Pumpkin Whoopie Pies with Brown Butter Cream Cheese Frosting

Delicious, pillowy soft whoopie pies flavored with real pumpkin and filled with a luscious brown butter cream cheese frosting - these are majorly addicting!
Course Dessert
Cuisine American
Keyword Halloween Dessert, Halloween Recipes, Pumpkin Dessert, Pumpkin Recipe, Recipe for a crowd
Prep Time 20 minutes
Cook Time 12 minutes
Total Time 32 minutes
Servings 16 whoopie pies
Calories 460kcal
Author Stephanie Simmons


For the Whoopie Pies

  • 2 cups all-purpose flour
  • 1 cup white whole wheat flour or AP flour
  • 1/2 tsp salt
  • 1 tsp baking powder
  • 1 tsp baking soda
  • 2 tsp cinnamon
  • 1/2 tsp ginger
  • 1 tsp nutmeg
  • 1/4 tsp ground cloves
  • 3/4 cup vegetable oil
  • 4 tbsp melted butter
  • 2 cups brown sugar, packed
  • 3 tbsp granulated sugar
  • 2 eggs
  • 2 and 3/4 cups canned pumpkin not pumpkin pie filling
  • 2 tsp vanilla

Brown Butter Cream Cheese Frosting

  • 1 stick butter I prefer salted
  • 6 oz cream cheese, softened
  • 3 cups powdered sugar sifted, for optimal frosting smooth-ness
  • 1/4 tsp cinnamon
  • 1 tbsp maple syrup
  • 1 tsp vanilla
  • 1 tbsp milk


  • Prep: Preheat oven to 350 degrees. Line a large baking sheet with parchment paper. 
  • Make the whoopie pies: In a large mixing bowl, mix the oil, melted butter, and sugars together with an electric mixer.
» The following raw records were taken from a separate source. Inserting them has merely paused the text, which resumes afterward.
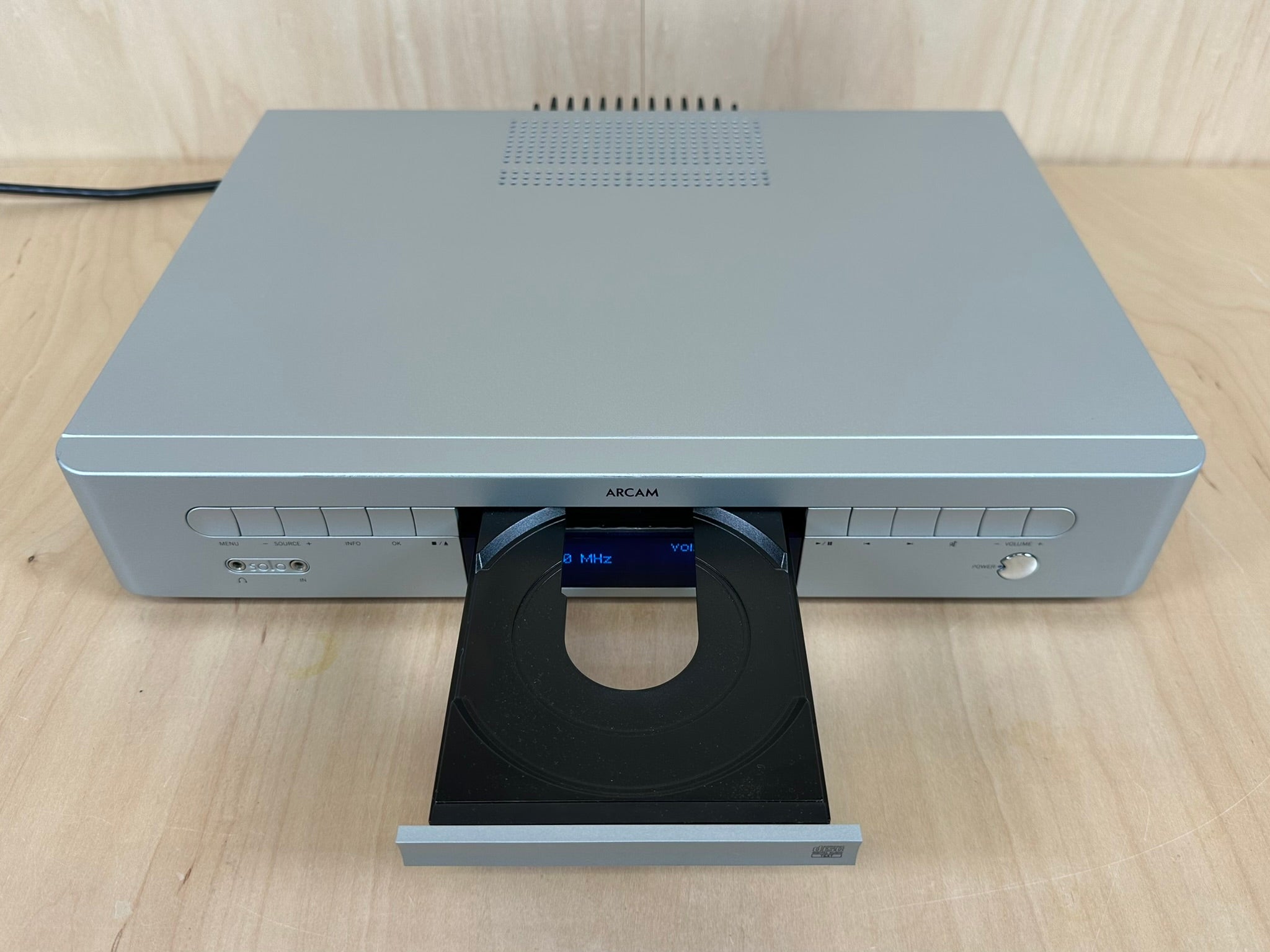 ARCAM Solo Music System AM/FM Receiver w/ Built in CD Player Orig Box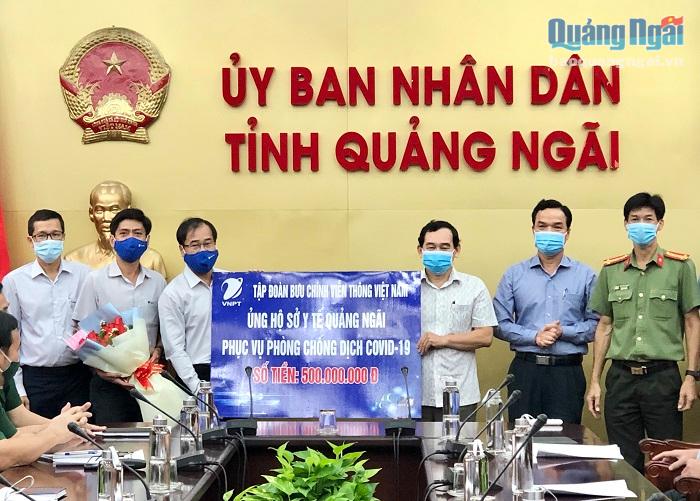 Đại diện VNPT Quảng Ngãi trao bảng tượng số tiền 500 triệu đồng tặng UBND tỉnh Quảng Ngãi hỗ trợ phòng, chống dịch Covid-19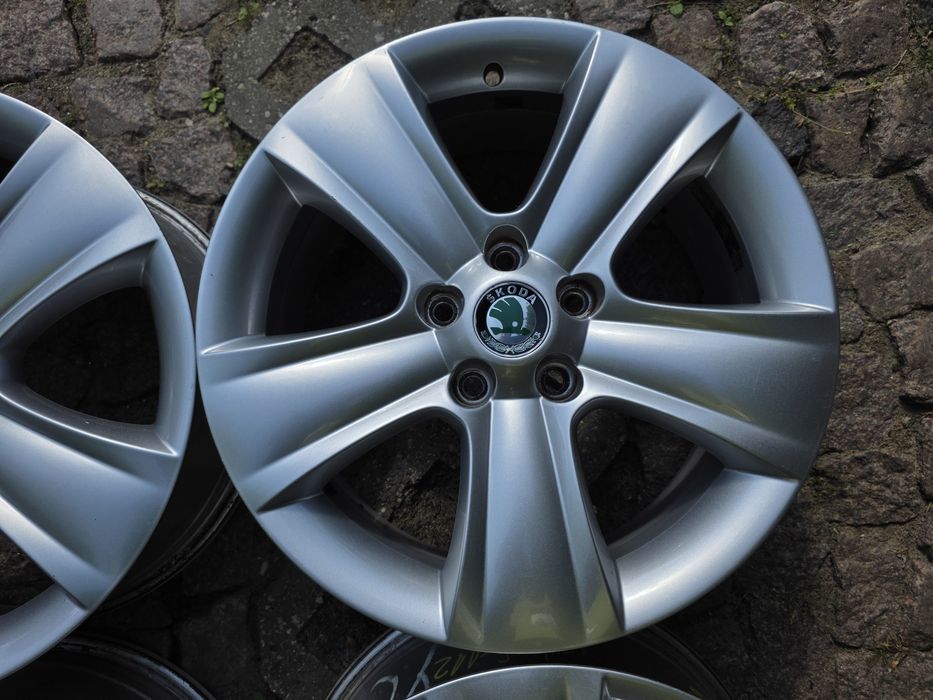 Oryginalne felgi aluminiowe SKODA YETI 17" 5x112 ET 45 Octavia Scout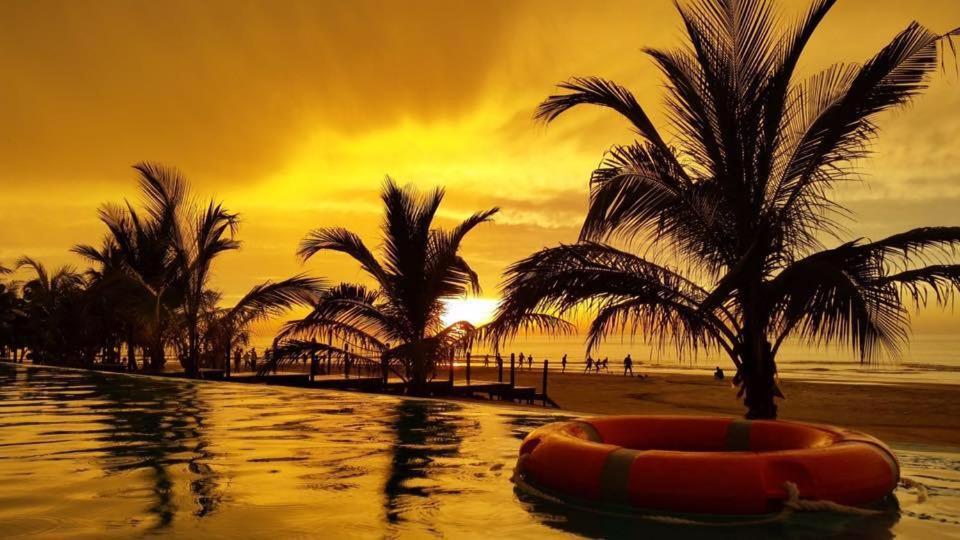 Djembe Beach Resort Kololi Exterior photo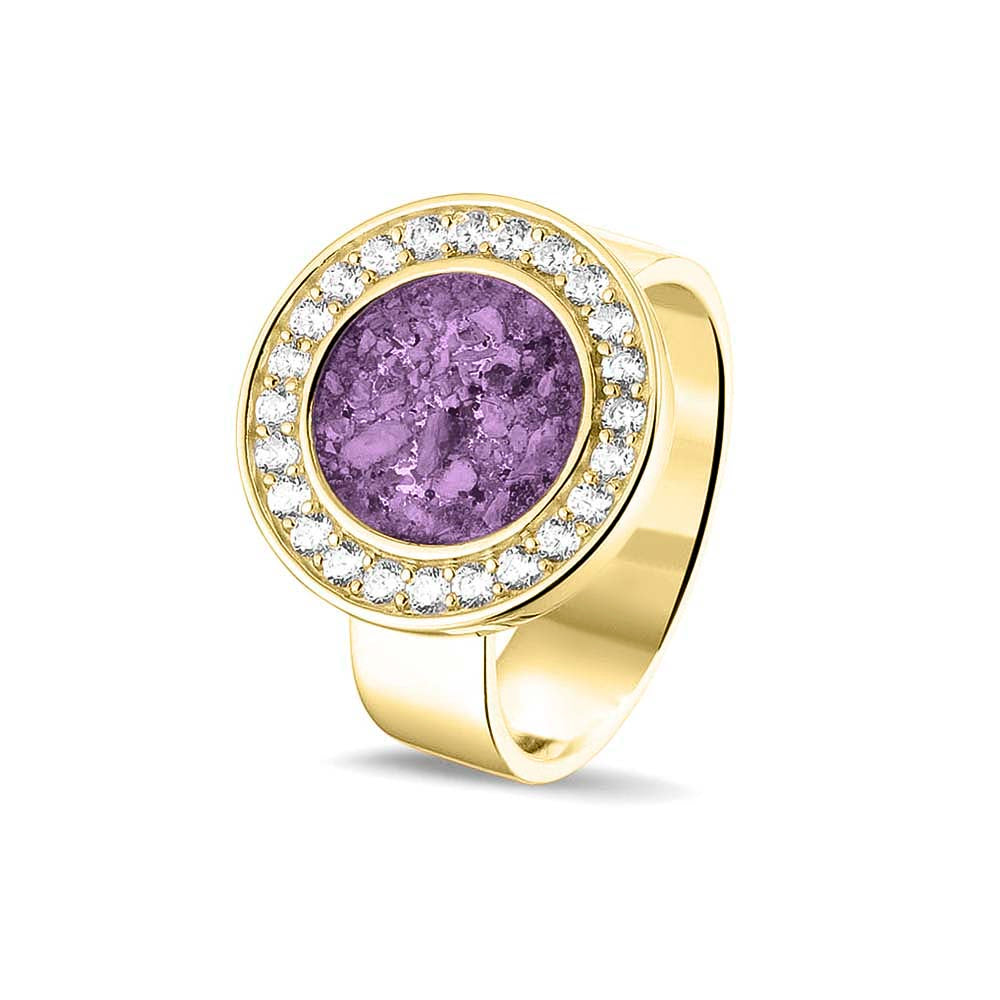 Asring 6 mm uit onze serie gedenksieraden, waar aan de bovenzijde zichtbaar as of haar verwerkt wordt in een rondje, rondom gezet met zirkonia's of diamanten naar keuze. Purple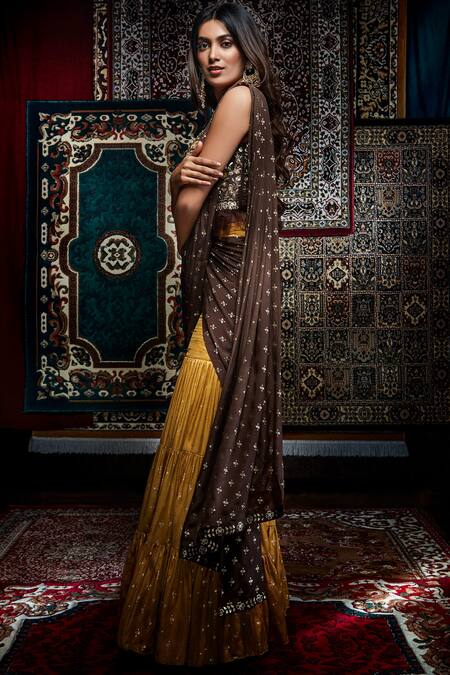 Shop Salian By Anushree Yellow Modal Satin Round Foil Printed Sharara Set at Aza Fashions Shop_Salian By Anushree_Yellow Modal Satin Round Foil Printed Sharara Set_at_Aza_Fashions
Add eggs, pumpkin, and vanilla and mix until combined. In a medium mixing bowl, whisk together the dry ingredients (the flour through the cloves). Add the flour mixture to the wet ingredients in two additions, mixing between. Scrape the bowl with a spatula to make sure all the ingredients are well incorporated. 
    Use 2 tbsp of batter for each whoopie pie - drop onto the prepared baking sheet and don't spread out - you want sort of a raised pile of batter. Bake for 12-13 minutes. If you gently poke the top of the whoopie pie and your finger leaves a dent, they need 1-2 more minutes. They should spring back when lightly poked. 
    Let cool on baking sheet for a few minutes, then cool completely on a wire rack. 
  • Brown the butter + Make the frosting: In a nonstick pot or pan over medium heat, melt the butter. Turn the heat to medium-low and continue cooking the butter - stirring constantly. The butter will get foamy, then turn golden, then start to turn brown and develop a nutty/caramely sort of aroma. Once it reaches a deep golden color, remove from the heat and let cool in the fridge for 10 minutes. 
    Once the butter has cooled, beat it together with the softened cream cheese in a medium mixing bowl. The texture will seem weird at first but just keep mixing until it smooths out. Add half the powdered sugar and mix. Add the maple syrup, milk, and cinnamon and mix. Add remaining powdered sugar and mix until well combined. Cover and chill in the fridge for a few minutes while the whoopie pies finish cooling - it will make them easier to frost
  • Assemble: Frost one whoopie pie piece and add a second one on top to assemble your whoopie pies! Dust with a little powdered sugar before serving, if desired. 
  • Store: Store in an airtight container in the fridge for up to 4 days.